> **Given information**
=====

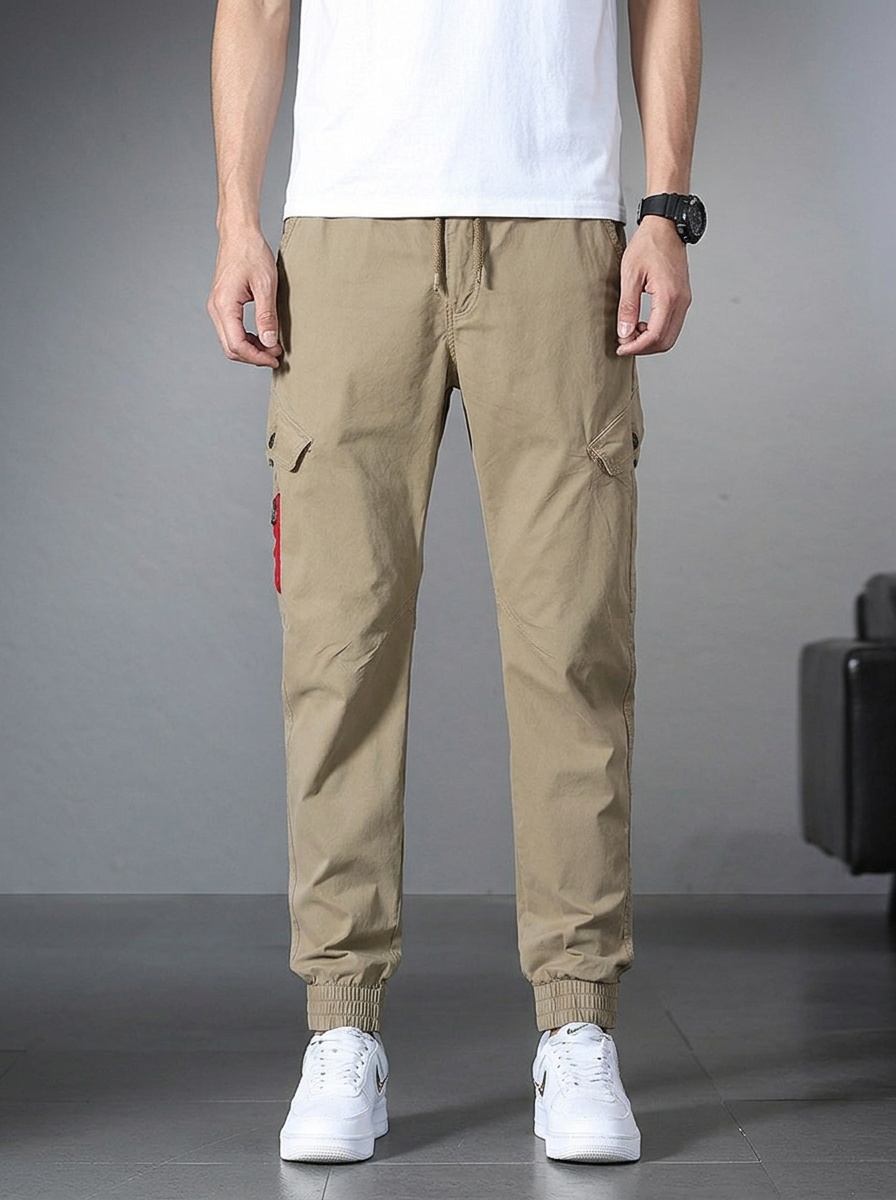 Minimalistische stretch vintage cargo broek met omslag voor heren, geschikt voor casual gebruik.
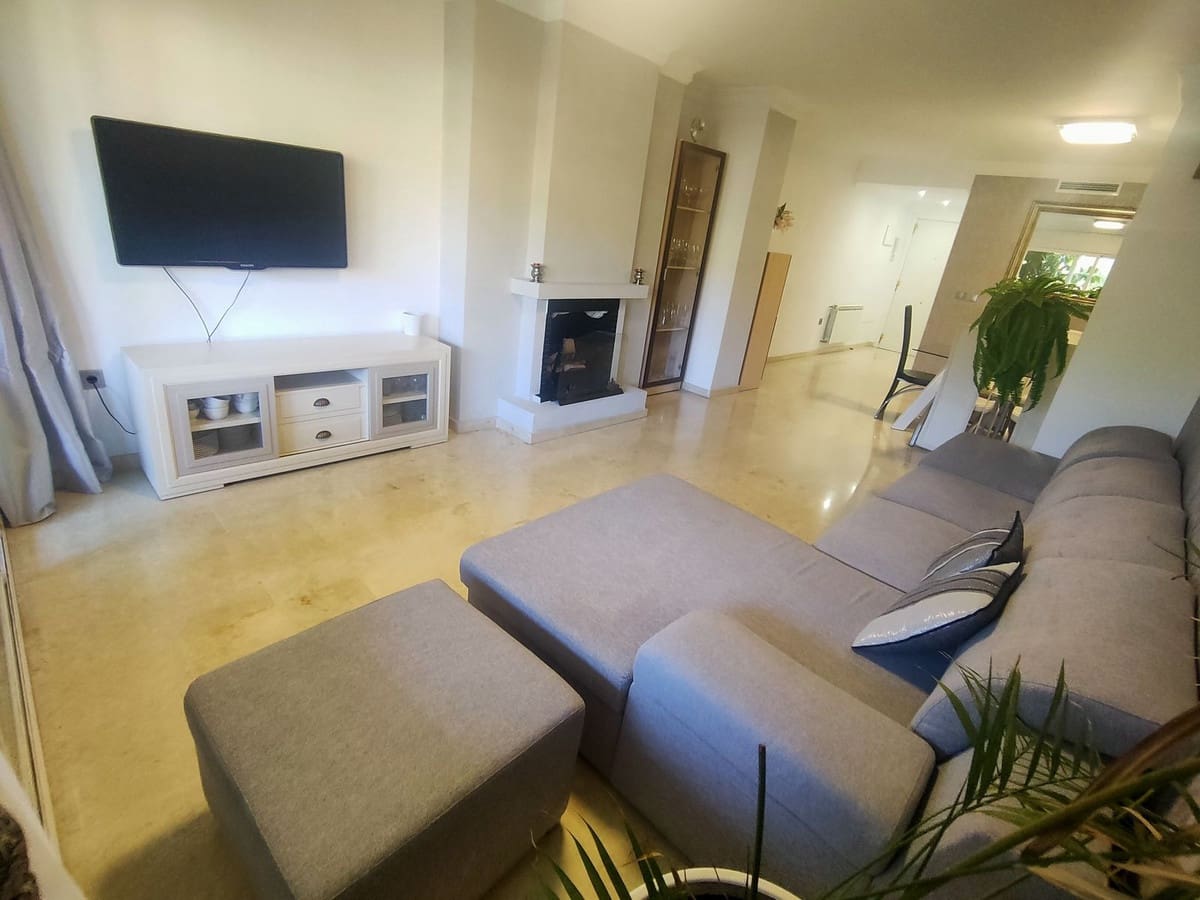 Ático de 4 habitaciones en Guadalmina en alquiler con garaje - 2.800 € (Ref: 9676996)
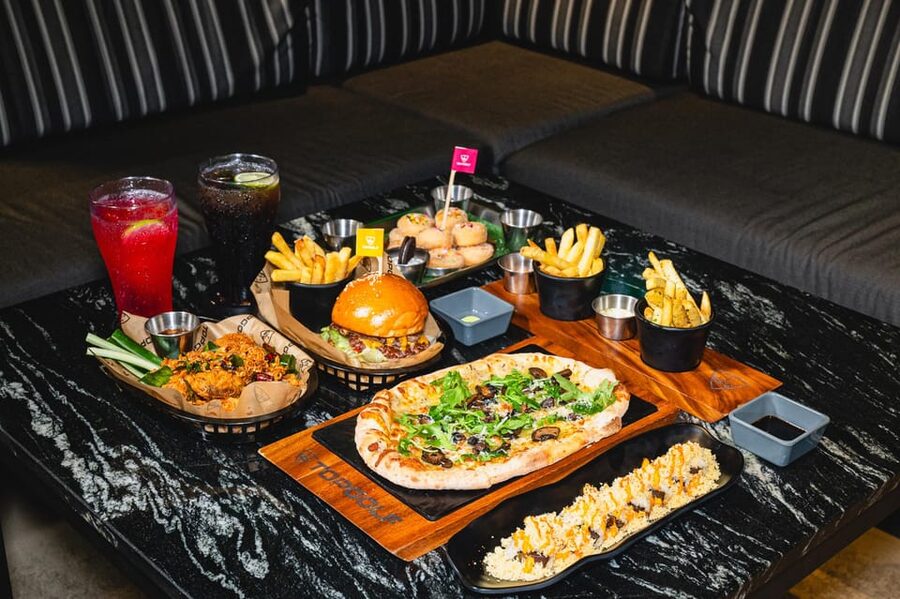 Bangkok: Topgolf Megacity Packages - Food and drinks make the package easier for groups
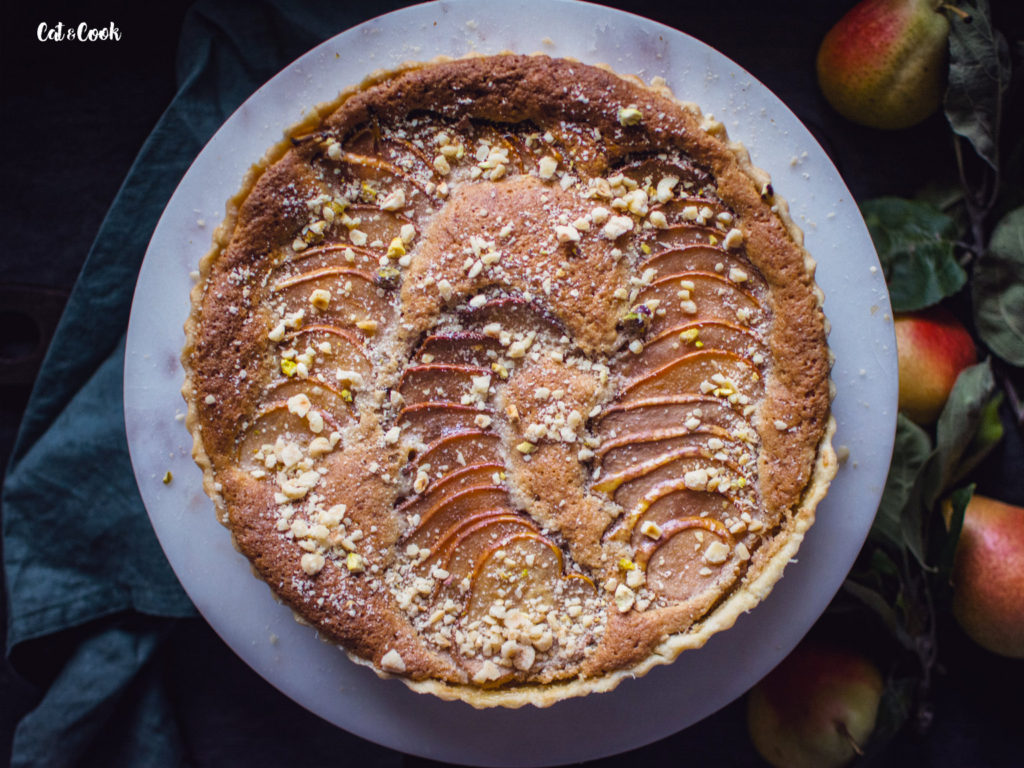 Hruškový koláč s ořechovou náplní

=====

> **What you need to do**
Copy, exactly and exclusively, the lines beginning with the one that contains "Ático de 4 habitaciones" and ending with the last line of the listing; pictures are to be omitted.

> **Completed exercise**
 Ático de 4 habitaciones en Guadalmina en alquiler con garaje - 2.800 € (Ref: 9676996)
 Bangkok: Topgolf Megacity Packages - Food and drinks make the package easier for groups
 Hruškový koláč s ořechovou náplní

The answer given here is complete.